Recently, caucus member Polis proposed the Regulate Marijuana Like Alcohol Act as part of a package of pot-related bills coming from the caucus, which are designed to end prohibition on the drug. Under Polis’ proposed act, the cannabis plant would see a Controlled Substances Act rescheduling and be regulated by the Bureau of Alcohol, Tobacco, Firearms, and Explosives. And adults over the age of 21 would be allowed to blaze down freely.

danniphantom / VSCO

“Colorado has proven that allowing responsible adults to legally purchase marijuana gives money to classrooms, not cartels; creates jobs, not addicts; and boosts our economy, not our prison population,” Polis said in a statement. “This budding industry can’t afford to be stifled by the Trump administration and its mixed messages about marijuana. The cannabis industry, states, and citizens deserve leadership when it comes to marijuana.”

Currently, cannabis is legal in some form in more than half the country, Puerto Rico, and the District of Columbia. Earlier this year, Governor Eddie Calvo proposed a bill to legalize marijuana in Guam. And it's not as if Polis is wrong in his assertion of legalized weed’s social value. The War on Drugs created a class of secondhand citizenship for weed smokers, marijuana farmers, and pot dealers alike. 

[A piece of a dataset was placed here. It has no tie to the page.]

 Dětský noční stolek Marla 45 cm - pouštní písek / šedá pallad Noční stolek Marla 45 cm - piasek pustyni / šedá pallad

But his words, and the efforts of a larger normalization movement, will be for nothing if they continue to fall on the deaf ears of Donald Trump and Jeff Sessions

Massroots marijuana journalist Tom Angell speculates on the most pressing issue at hand in the larger legal weed narrative. He writes, 

“. . . while legalization advocates are optimistic that they have the votes to pass the state medical marijuana protections again and extend them through most of 2018, it’s an open question as to whether they will even get the opportunity. . . Even if the government shuts down and Sessions and the DEA technically regain the ability to enforce federal prohibition laws against state-legal medical cannabis patients and businesses [sic], it doesn’t necessarily mean they will do so.”

Essentially, though, speculating on legal weed's future is like predicting the outcome of the Super Bowl before football season even begins. Sure, existing game analytics, team statistics, and player insight can no doubt inform an educated guess in the same way Trump's previous statements, voting records, and Cabinet appointments give us some clue what we're up against. Still, there's always a chance for rain. 

Should Congress remove the Rohrabacher-Blumenaur amendment as part of Friday’s decision on the spending bill, the skies could indeed open up for federal acid rain to pour down on the legal pot industry. 

But that could just as likely not happen. Either way, we'll keep our eyes peeled.